An email campaign can be defined as one or more emails sent to a group of people who have registered to an email list. A timed campaign will send out emails at regular intervals (mostly one email per week). This will usually start when a recipient signs up to receive these campaign emails. Email campaigns usually have an auto responder set up which will send follow up emails to the mail from the original recipient or responder. This cycle may be repeated for a specified number of times.

There are various tests to determine whether an email campaign is working effectively or not. They are

• Always maintain a control message. If you want to really check if a change to an email actually has an effect on the response rates the best way to go about it would be to compare it with a control group. The process of testing email is so easy that inexperienced marketers are tempted to test multiple facets of a message at once. This is not advisable. Altering one part of the message, and then comparing it to the email with the best response so far would prove far more effective. Testing more than one facet unnecessarily complicates things.

• Try and Test significant differences. It is better to ensure what you’re testing differs significantly from the control group. For example, Instead of slightly rewording your offer, it is better to try one hard sell and one soft sell. Or better still send one message with a discount and one without. Over a period of time, alter the size of the discount.

• Test formatting. Silverpop an Email service provider recently did a study which showed that consumers receive a large number of poorly formatted HTML messages because the sender did not test appearance in different email software.
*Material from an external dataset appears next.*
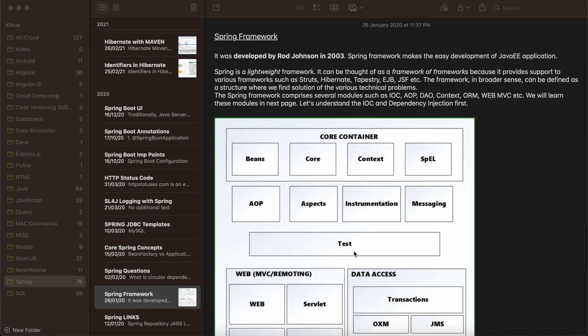Hello everyone, welcome to my channel. In this video we will be starting a new series about Spring Core. In this tutorial series we will learn about Spring — first with XML-based configurations, and moving onwards we will be doing annotations and configuration. We will be making use of Spring by creating a Java project, not a Maven-based or Spring Boot-based project.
Unless and until you have a lab with a complete array of email clients, it’s better to let your service provider perform this function.

• Always start with the basics. A lot of people still receive email messages from large companies that leave the sender line, subject line, or both blank. This is one of the best ways to kill response. Imagine receiving in the mail a credit card solicitation in a plain white envelope with no return address. Marketers who are just beginning to test their messages should begin with altering subject lines. Do you personalize it? Include an offer? Is the offer dollars off or percent off? A hard or soft sell?

• A pre-test is an excellent way to find out what works before sending the email to your entire list. This knowledge can greatly improve your overall response rate. It also protects you from sending a poor performing email test to a large portion of your list—and wasting your efforts. To pre-test, choose a random sampling of 100 people from your master list, then split that in half and send each half one of the two test campaigns.

These tests will help you determine whether your email campaign is effective or not. From these tests you have to select the best email. You also have to keep in mind that you have to send different types of emails to different consumer categories for your email campaign to be successful.